> Assigned task
After locating the line that contains "Gifographic: 7 bài", transcribe exactly that line and each one after it until the data ends, skipping pictures.

> Data shown
________

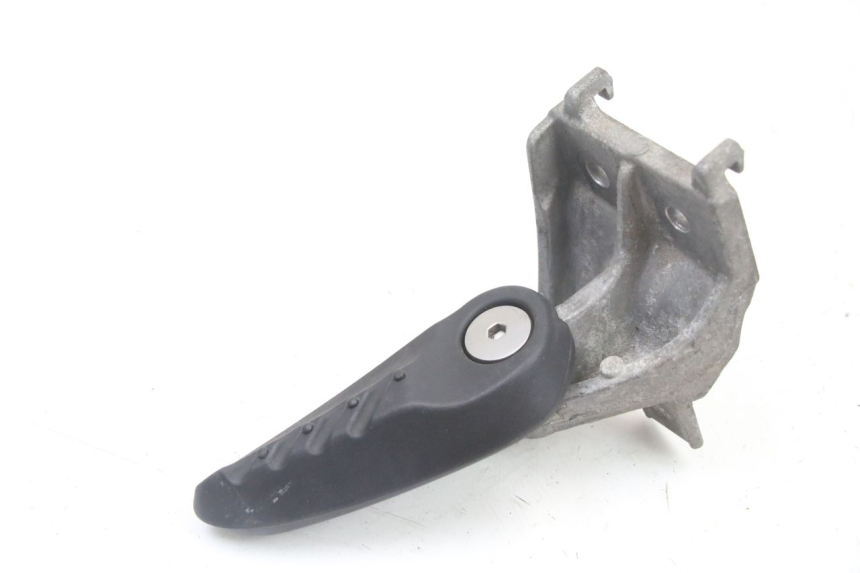 photo de REPOSAPIES TRASERA DERECHA MBK OVETTO ONE 2T 50 (2013 - 2017) - Vista principal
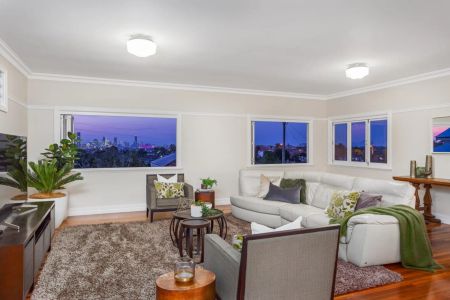 Art Deco Family Home with Panoramic City Views - Photo 3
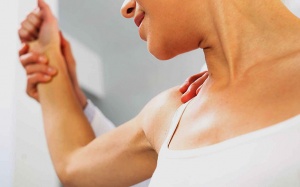 Gifographic: 7 bài tập giúp giảm đau cứng khớp vai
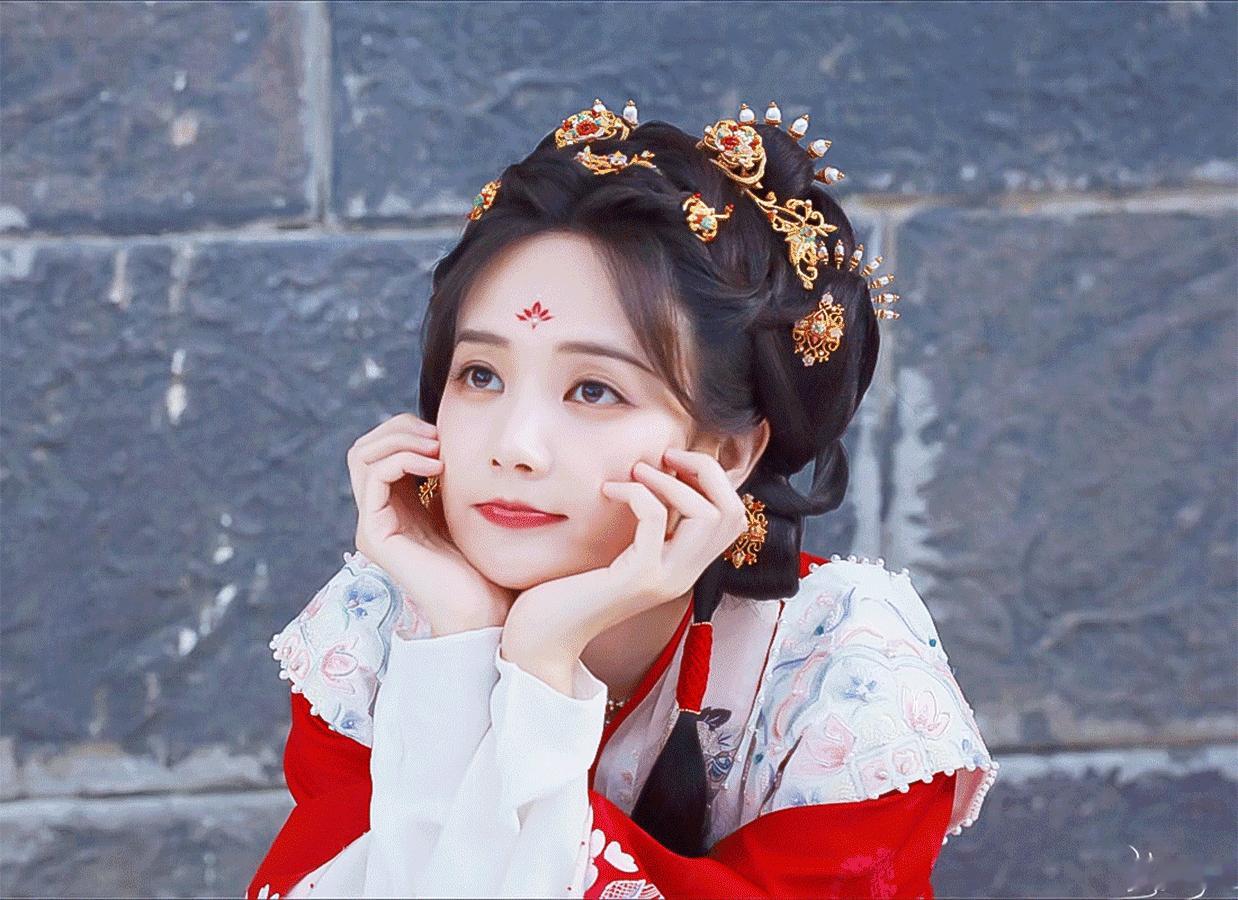 云秀行首播反响好喜欢这种无脑轻喜又带点点跌宕剧情的下饭剧 追完6集的我是全世界最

________

> Solution
 Gifographic: 7 bài tập giúp giảm đau cứng khớp vai
 云秀行首播反响好喜欢这种无脑轻喜又带点点跌宕剧情的下饭剧 追完6集的我是全世界最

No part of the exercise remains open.